We are very often told that we are incoherent, but people intend this word to convey an insult which I find rather hard to grasp. Everything is incoherent. The man who decides to have a bath but who goes to the cinema. The other man who wants to keep quiet but who says things that don't even come into his head. Another one who has an exact idea about something but who only manages to express the opposite in words which for him are a bad translation. No logic. Relative necessities discovered a posteriori, valid not from the point of view of their exactitude, but as explanations.

The acts of life have neither beginning nor end. Everything happens in a very idiotic fashion. That's why everything is the same. Simplicity is called dada.

To try to reconcile an inexplicable and momentary state with logic seems to me an amusing game. The convention of spoken language is amply sufficient, but for ourselves alone, for our inner games and our literature we don't need it any more.

In painting, things happen in the same way. Painters, technicians who do very well what a camera records much better, will carry on with the game. We'll play ours. We don't know why, nor how. With everything that comes to hand. It will be badly done, but we don't care.

The beginnings of Dada were not the beginnings of an art, but those of a disgust. Disgust with the magnificence of philosophers who for 3000 years have been explaining everything to us (what was the use?), disgust with the pretensions of those artists who were god's representatives on earth, disgust with passion, with real, morbid malice applied in cases where it isn't worth while, disgust with a new form of tyranny and restriction, which only accentuates men's instinct for domination instead of allaying it, disgust with all the catalogued categories, with the false prophets behind whom financial interests must be sought, with pride or with illness, disgust with people who separate good from evil, beauty from ugliness (for why is it more estimable to be red rather than green, left or right, tall or short?), disgust, finally, with the jesuitical dialectic that can explain everything and insert into people's poor brains oblique and obtuse ideas with neither roots nor base, all this by means of blinding artifices and the insinuating promises of charlatans.
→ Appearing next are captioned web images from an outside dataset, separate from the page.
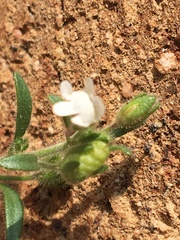 Chaenorhinum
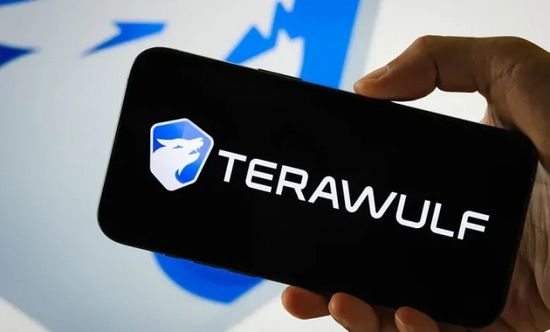 سهم "تيراوولف" يرتفع بعد زيادة "جوجل" حصتها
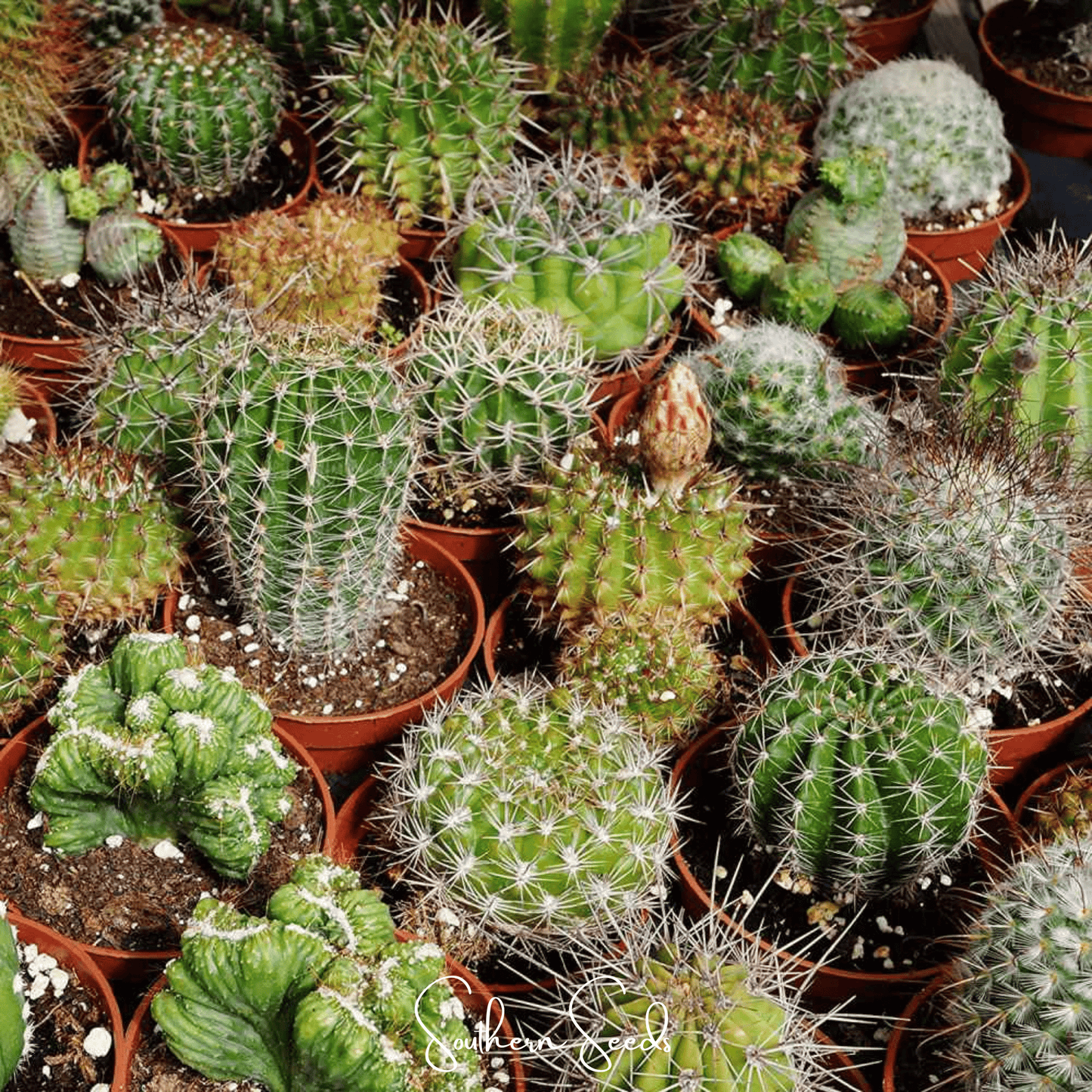 Cactus Mix ā 30 Seeds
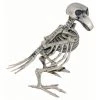 Tomfoolery Skeleton Bird Halloween Decor Halloweenc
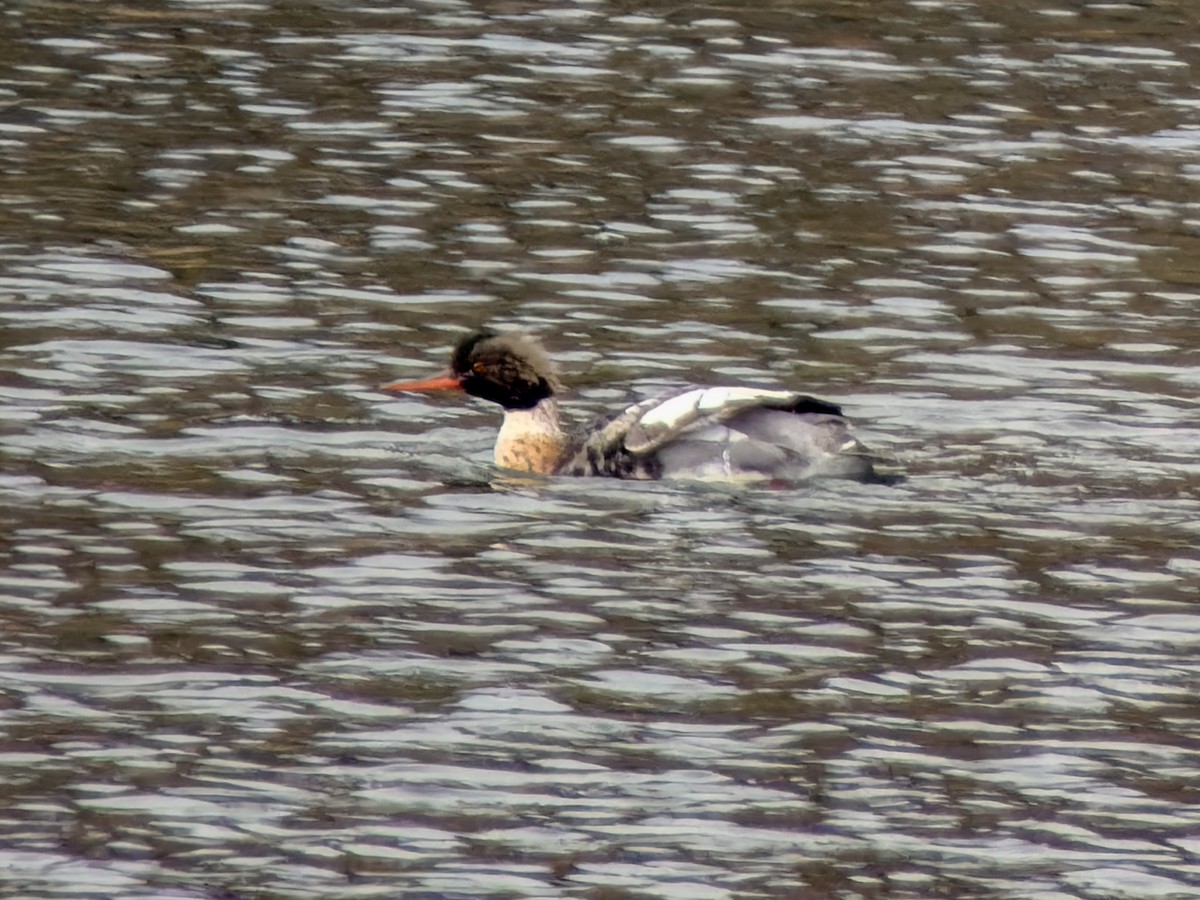 Smergo minore - ML646251980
Dada, after having again attracted the attention of the whole word to death, to its constant presence amongst us, works by destroying more and more, not in extent but in itself. Moreover it takes no pride in these disgusts, they bring it neither advantage nor profit. It doesn't even fight anymore because it knows that there is no point in doing so, that none of this is of any importance. What interests a dadaist is his own way of living. But here we are reaching the places reserved for the great secret.

Dada is a state of mind. That is why it is transformed according to races and events. Dada is applicable to everything, and yet it is nothing, it is the point where yes and no meet, not solemnly in the castles of human philosophies, but quite simple on street corners like dogs and grasshoppers.

Dada is as useless as everything else in life.

Dada has no pretensions, which is how life ought to be.

Perhaps you'll understand me better if I tell you that dada is a virgin microbe that insinuates itself with the insistence of air into all the spaces that reason hasn't been able to fill with words or conventions.